From the first line down to the line containing "Choose that. Next, you're", print the records below exactly, leaving every picture out.

* [Material provided]

──────────────────────────────

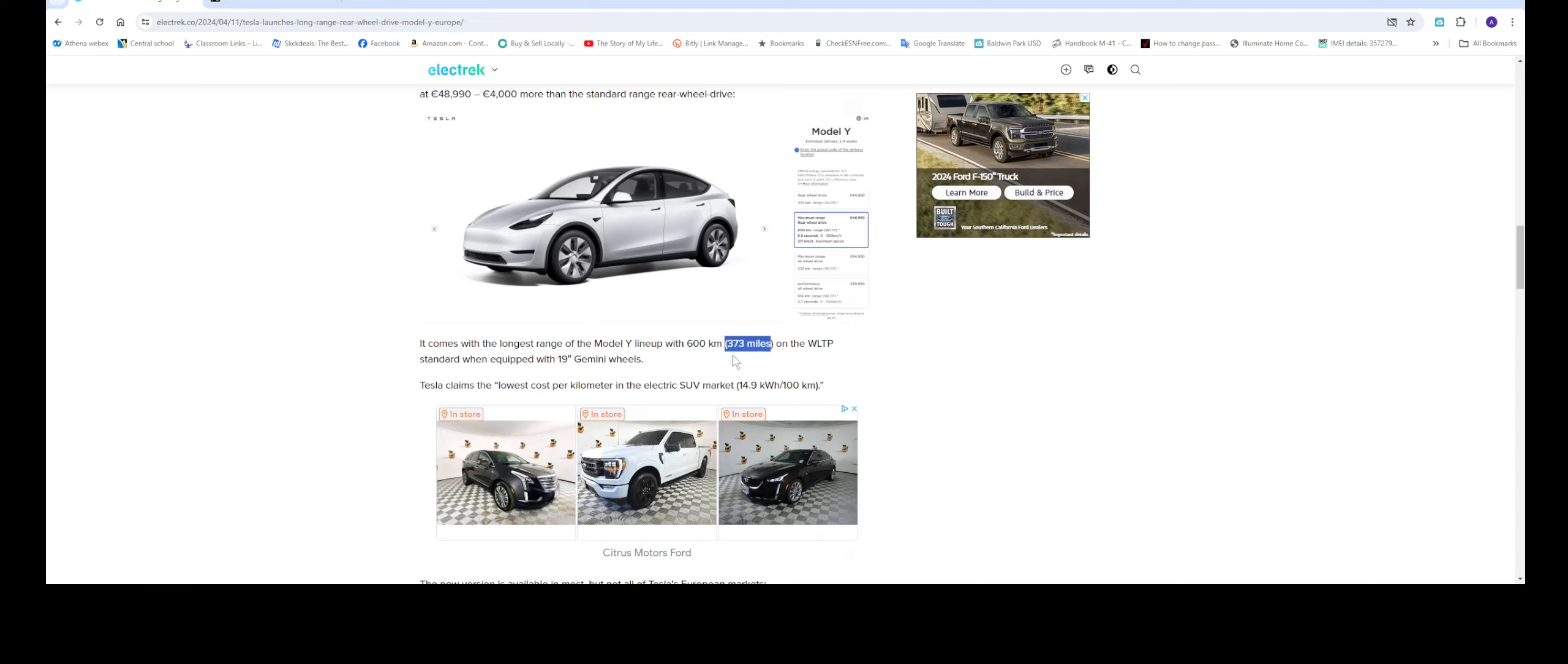So I think right now the long range, we're looking at about 311 or 333 when I first bought mine. And the wheels still stay the same at 19 inch Gemini wheels.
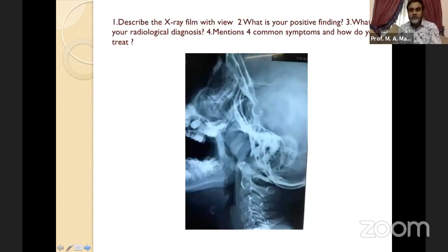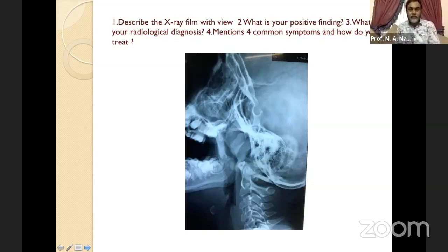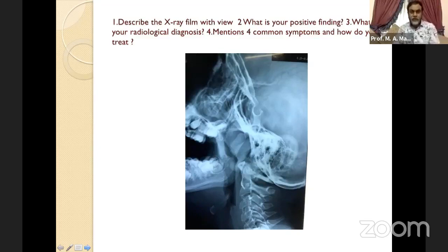This is one of the important X-rays for your exam. For any X-ray, usually four questions are asked: number one, describe or read the X-ray; number two, give your positive findings; number three, what is your diagnosis; and number four, how do you treat this patient. This systematic approach applies to any X-ray — describe it, state positive findings, give your radiological diagnosis, and explain the treatment.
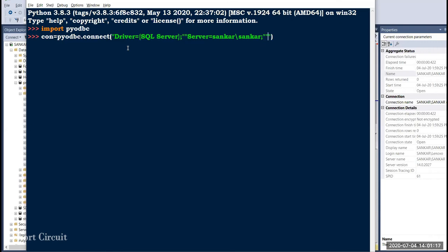You can use the database parameter. Before the database, you will use the username and password. If you have been given a username, use that username. Check your credentials. If you purchased a database, you can use the username and password. Now use the password as an editor. Then set the database.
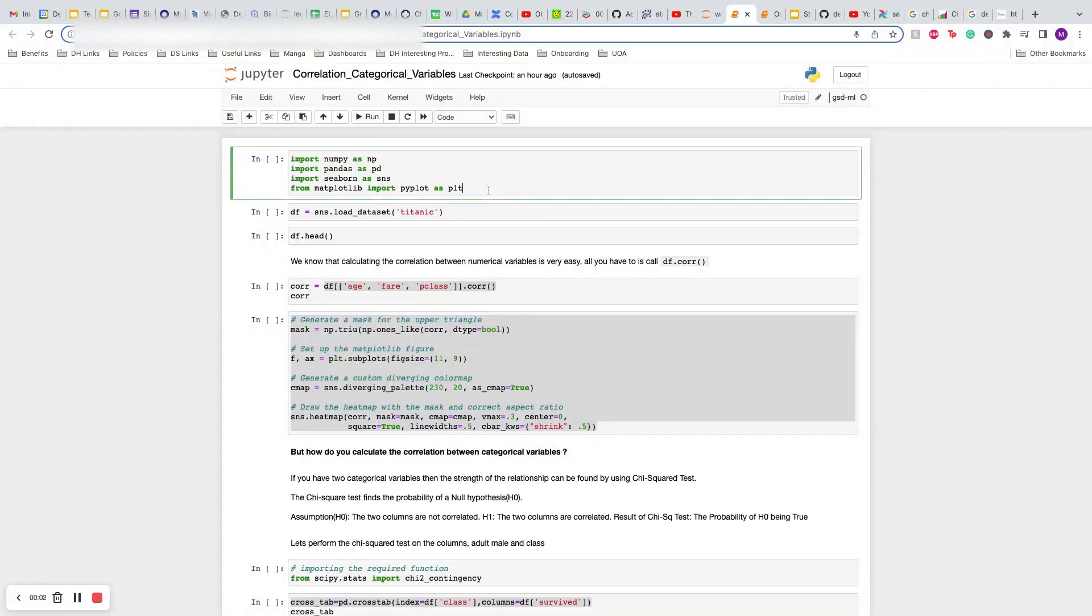Hello everyone and welcome back to another short tutorial on how you can calculate correlation amongst categorical variables. We all know that calculating correlation amongst numerical variables is very simple in Python, but how do you calculate whether two categorical variables are correlated or not?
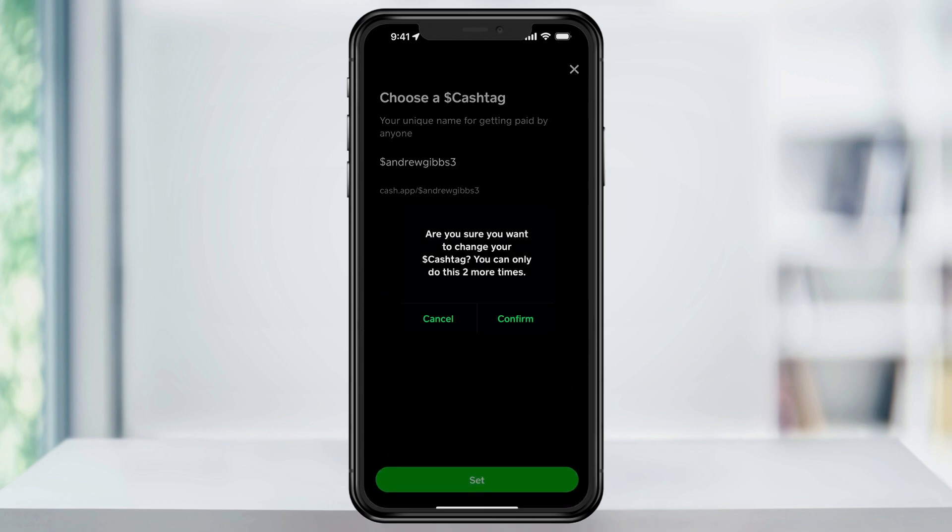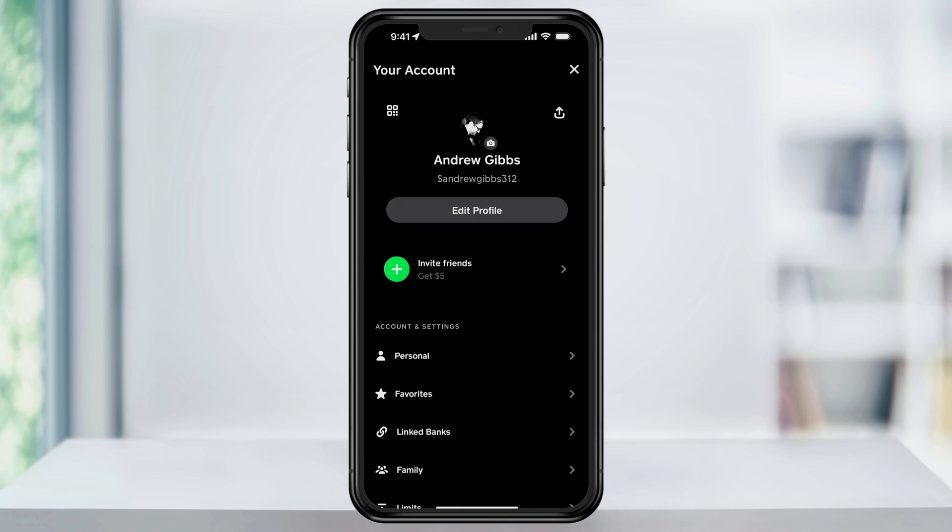Choose that. Next, you're going to get a pop-up letting you know that you can only change this name a set number of times. I've never changed mine, so by default we have two more changes available. When you're sure that you want to continue, go ahead and hit confirm. After that, your cashtag name will then be updated and changed to the new one that you want to use.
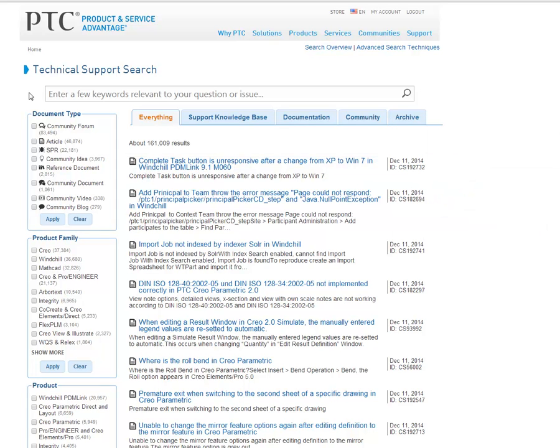Hello, and welcome to the Enhanced PTC Search Tool. I'm going to take a few minutes to demo some new features that will help you leverage our vast knowledge base.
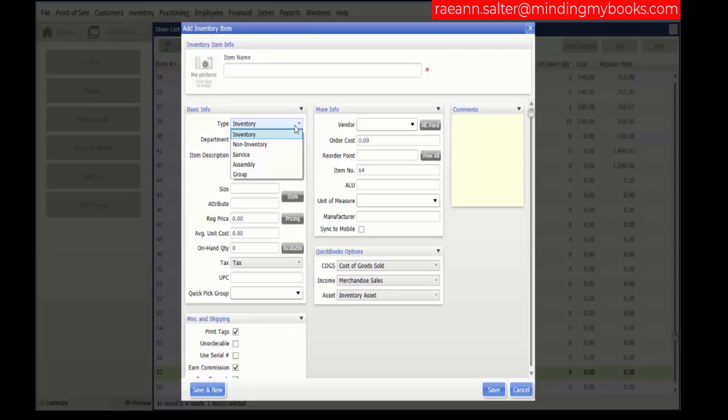If you choose Inventory, this is for merchandise that you purchase and resell and for which you track on-hand quantities. Service is for services such as miscellaneous fees, charges,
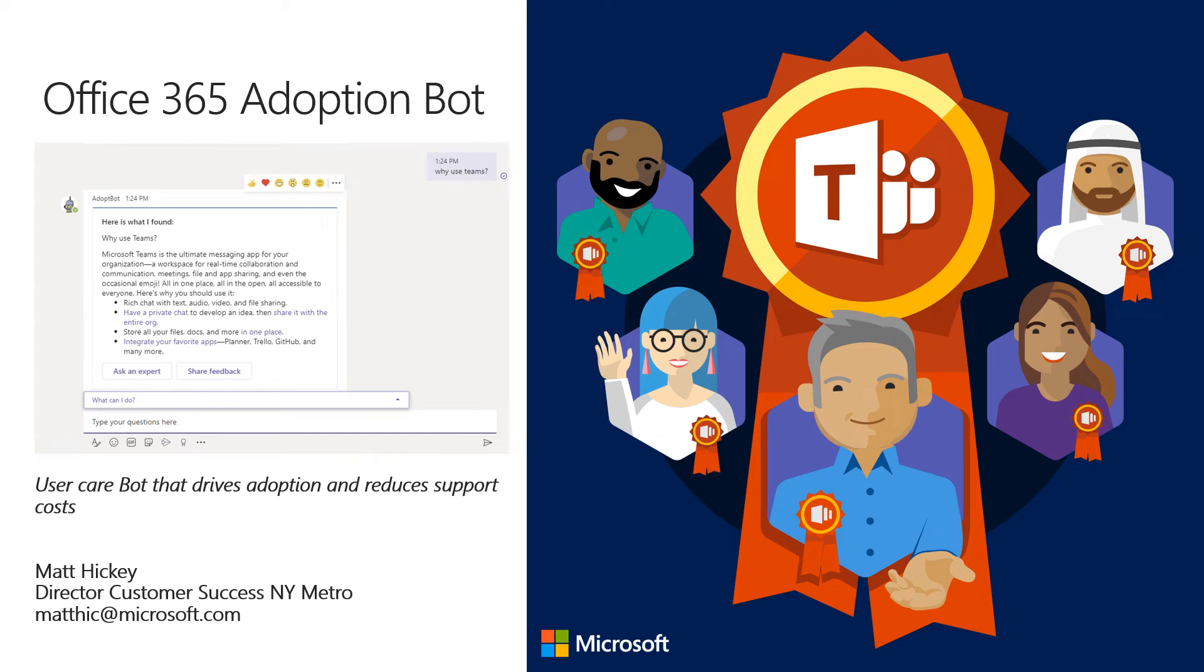Hey everybody, Matt Hickey here. I'm Director of Customer Success for New York Metro at Microsoft.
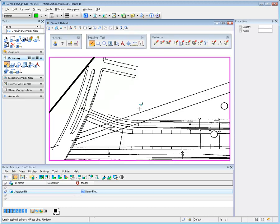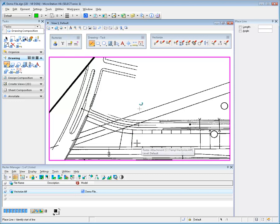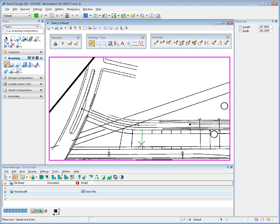New property lines are digitized with MicroStation's Place Line tool and the resulting vector element is immediately stamped onto the raster image as shown. The width of the raster line work is determined by the settings in the Line Mapping Settings dialog.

──────────────────────────────

* [Task response]
So I think right now the long range, we're looking at about 311 or 333 when I first bought mine. And the wheels still stay the same at 19 inch Gemini wheels.
This is one of the important X-rays for your exam. For any X-ray, usually four questions are asked: number one, describe or read the X-ray; number two, give your positive findings; number three, what is your diagnosis; and number four, how do you treat this patient. This systematic approach applies to any X-ray — describe it, state positive findings, give your radiological diagnosis, and explain the treatment.
You can use the database parameter. Before the database, you will use the username and password. If you have been given a username, use that username. Check your credentials. If you purchased a database, you can use the username and password. Now use the password as an editor. Then set the database.
Hello everyone and welcome back to another short tutorial on how you can calculate correlation amongst categorical variables. We all know that calculating correlation amongst numerical variables is very simple in Python, but how do you calculate whether two categorical variables are correlated or not?
Choose that. Next, you're going to get a pop-up letting you know that you can only change this name a set number of times. I've never changed mine, so by default we have two more changes available. When you're sure that you want to continue, go ahead and hit confirm. After that, your cashtag name will then be updated and changed to the new one that you want to use.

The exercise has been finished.